The instrument has been employed in large-scale epidemiological surveys such as the World Mental Health Survey Initiative, population cohort studies like the UK Biobank, and national surveys commissioned by the National Center for Health Statistics, the Australian Bureau of Statistics, and the Statistics Canada. Clinical research applications occurred at specialty centers including the Addiction Research Center, the Mood Disorders Program at Columbia University, the Anxiety Disorders Clinic at McLean Hospital, and veterans' health research at the United States Department of Veterans Affairs. Policy and burden estimates have informed reports produced by the World Health Organization, the Global Fund, and the Organisation for Economic Co-operation and Development.

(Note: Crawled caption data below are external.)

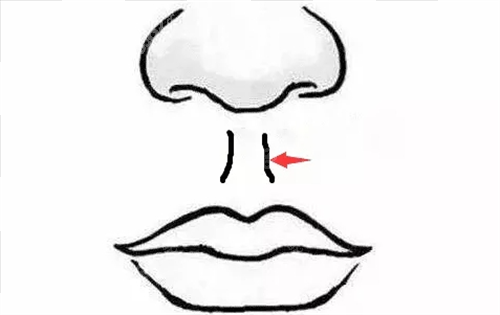 人中縮短術(shù)部位展示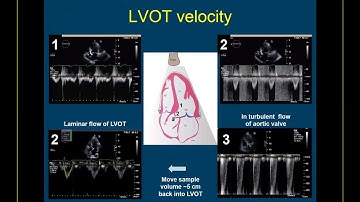 Guideline-based Webinar on the Echo Assessment of Aortic Valve Stenosis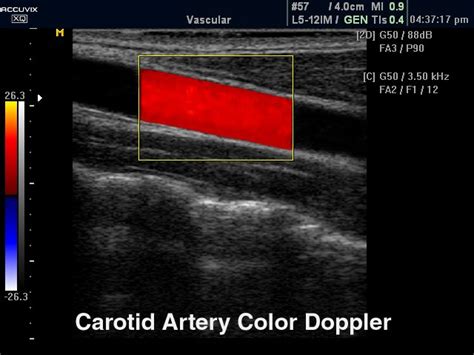 Ultrasound Images Common Carotid Artery Color Doppler Echogramm 328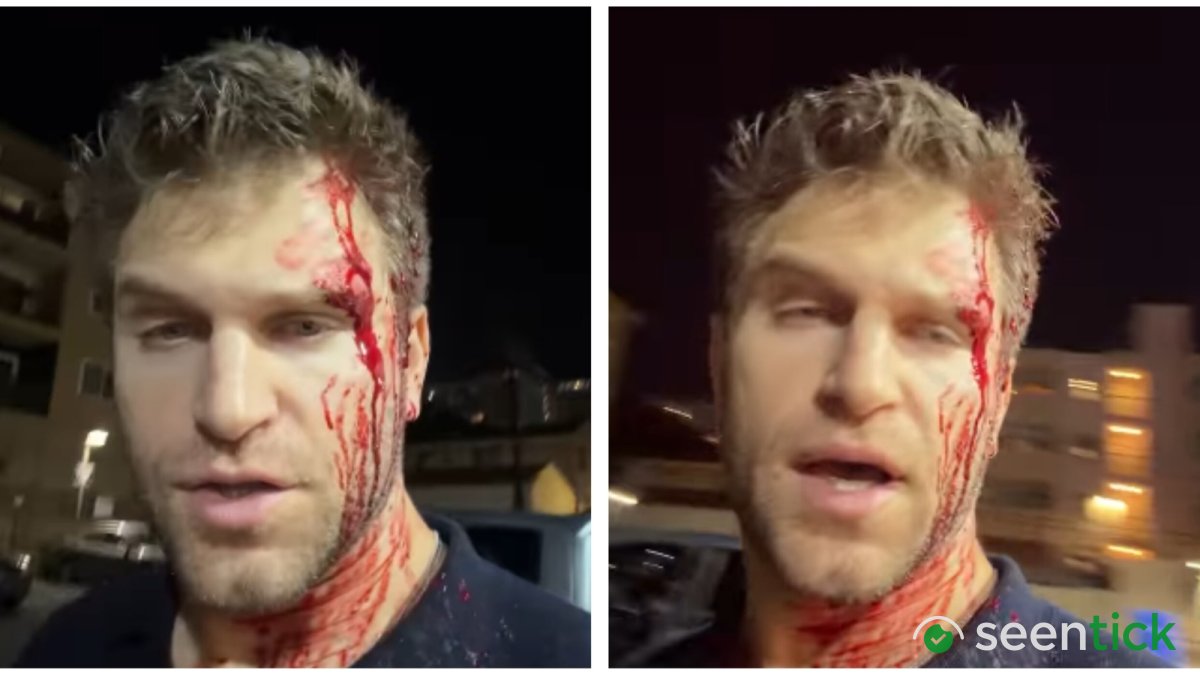 Pretty Little Liars star Keegan Allen robbed and beaten at gunpoint outside grocery store: 'West Hollywood is not safe anymore'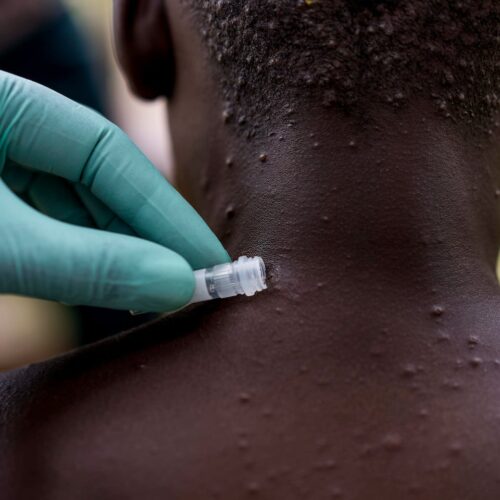 WHO, Africa CDC declares Mpox Public Health Emergency of International Concern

Critiques have arisen from researchers at institutions such as the London School of Economics, the University of California, Berkeley, the University of Maastricht, and the University of Edinburgh regarding cultural equivalence and diagnostic thresholds. Limitations noted in methodological reviews by groups like the Cochrane Collaboration, the National Institute for Health and Care Excellence, and the Agency for Healthcare Research and Quality include concerns about interviewer effects, translation fidelity, and applicability in clinical versus community settings. Debates involving scholars from the Harvard School of Public Health, the Yale School of Public Health, and the Johns Hopkins Bloomberg School of Public Health focus on comparability with other structured interviews used by the American Psychiatric Association and international diagnostic committees.